Perhaps they are, but we shall deal with them. Within the compass of a Second Reading opening speech, there is a limit to the number of matters one can argue in detail. We are throwing into the pool of argument, which is what an Opposition should do—we are always told that we ought to be constructive—constructive suggestions about the registrar. [An HON. MEMBER: "They have not thought about it."] Indeed, we have thought about it. It was in our 1964 White Paper, and we shall debate the matter in detail at the appropriate time.
I had come to the question of making size by itself a criterion for reference to the Commission. As I say, this is a new criterion, and we strongly object to it. The only proper valid test for reference is market power and limited competition. If, for social or economic reasons, we fear the creation of giant industrial undertakings, the proper safeguards are to look at mergers at the time they are pro- posed—that we support—and second, to cause more disclosure of their affairs by companies by extending company law requirements, which also we support, as we do the concept that employees should be given at least the same amount of information as shareholders.

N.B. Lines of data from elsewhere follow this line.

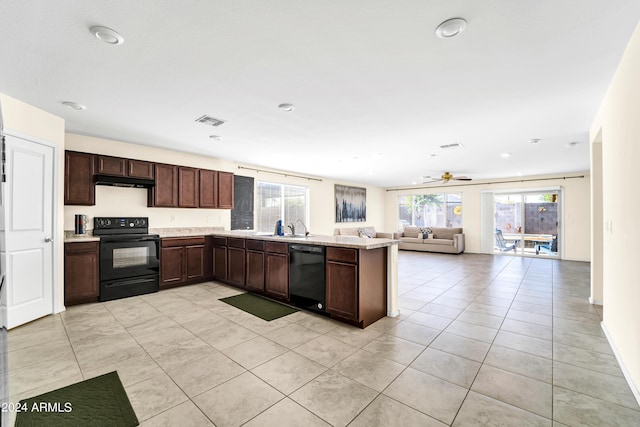 kitchen featuring sink, light tile patterned floors, dark brown cabinetry, and black appliances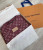 Close-up of Louis Vuitton Monogram and Trunk design on Bordeaux shawl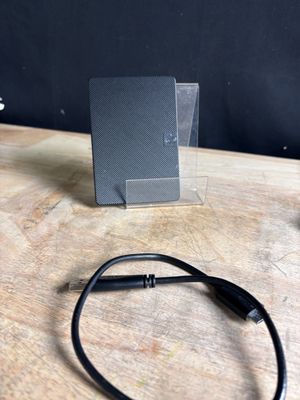 a black cable that is connected to a black device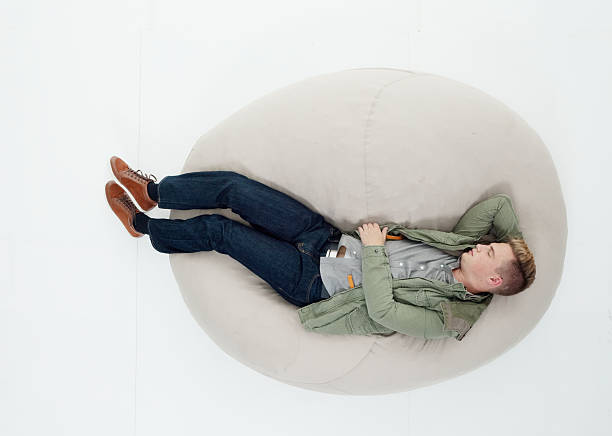 istock Above view of man lying on bean bag 639903548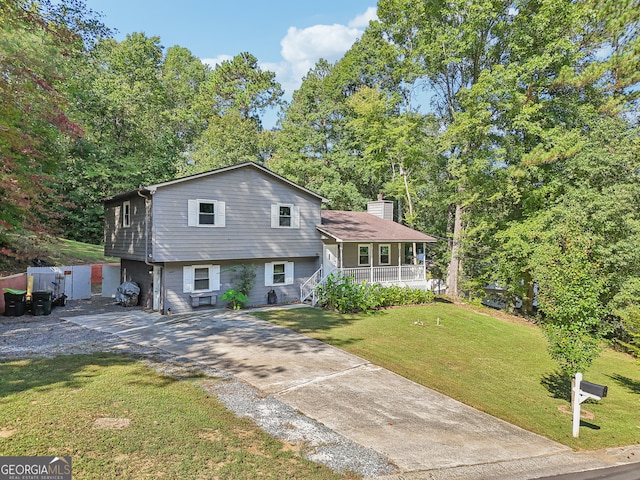 tri-level home with a front yard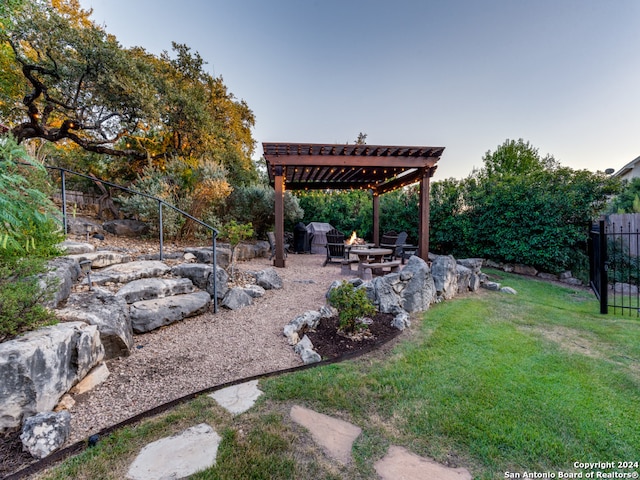 view of yard featuring an outdoor fire pit, a patio, and a pergola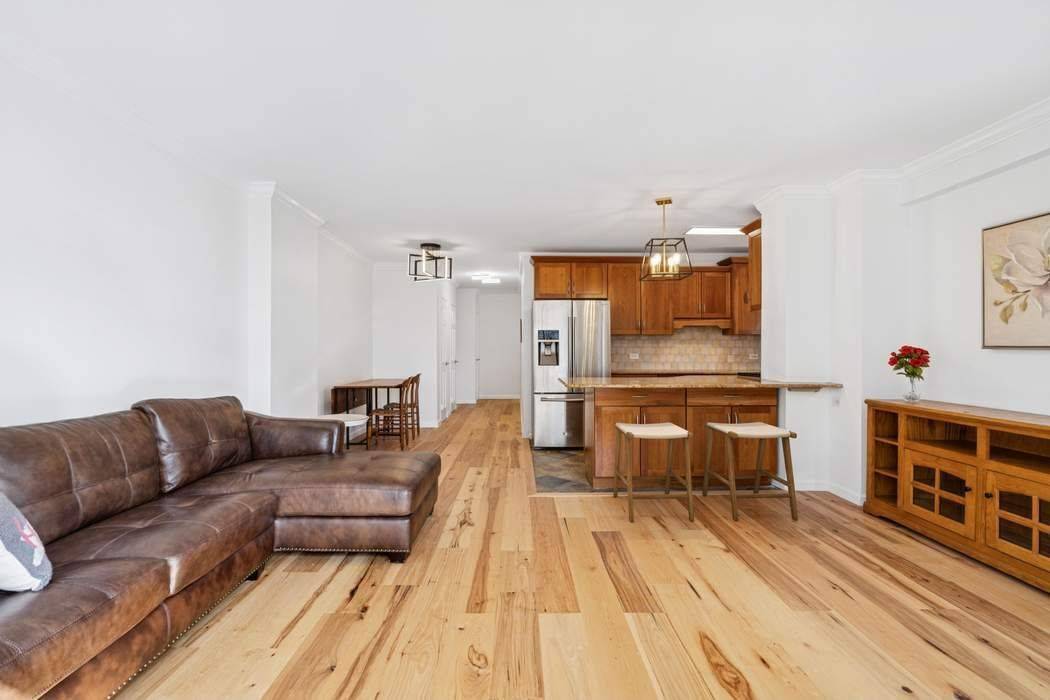 Refined Living, Ready Now Sun splashed high floor 2BR with balcony offering tremendous value truly cheaper than renting !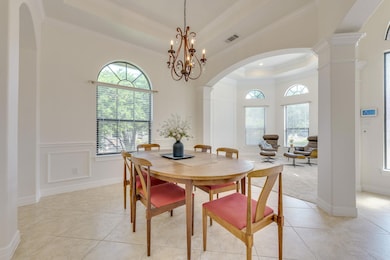 Dining area with a raised ceiling, ornate columns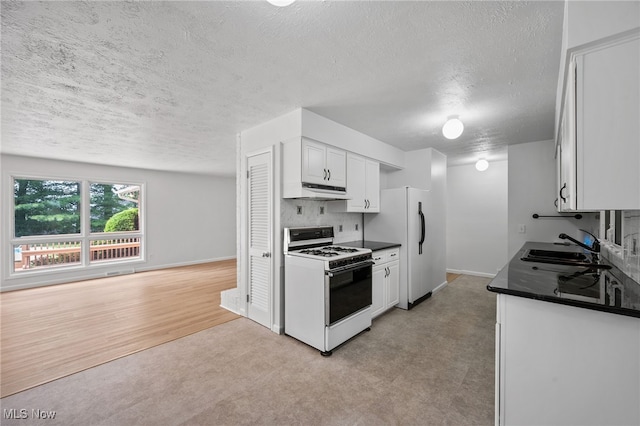 3612 Vezber Dr, Seven Hills, OH 44131 - kitchen with white gas stove, dark countertops, a textured ceiling, white cabinets, and light carpet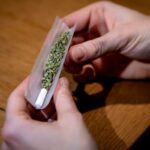 Ein Mann dreht sich einen Joint.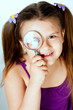 little girl with a magnifying glass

I come now to another new point of the Bill, namely, follow-up inquiries on mergers. We object to this, too. The proper time to look critically at a merger is immediately it is proposed. The possibility—let alone the fact—of an inquiry is an adequate and proper safeguard against irresponsible claims being made in the course of trying to win a merger battle and irresponsible or wrong purposes contrary to the public interest. Thereafter, why should a company, just because it has been formed by a merger, be treated differently from any other form of company? Why should it have its roots pulled up and examined, possibly at two-yearly intervals, just because it was formed by process of merger? That is hardly conducive to growth or efficiency. It is totally illogical and unnecessary.
A merger can be, and always should be, subject to reference on grounds of market power and restricted competition, but if that criterion does not apply, why should a merger be looked at any more than a company which does not happen to have been formed by a merger process?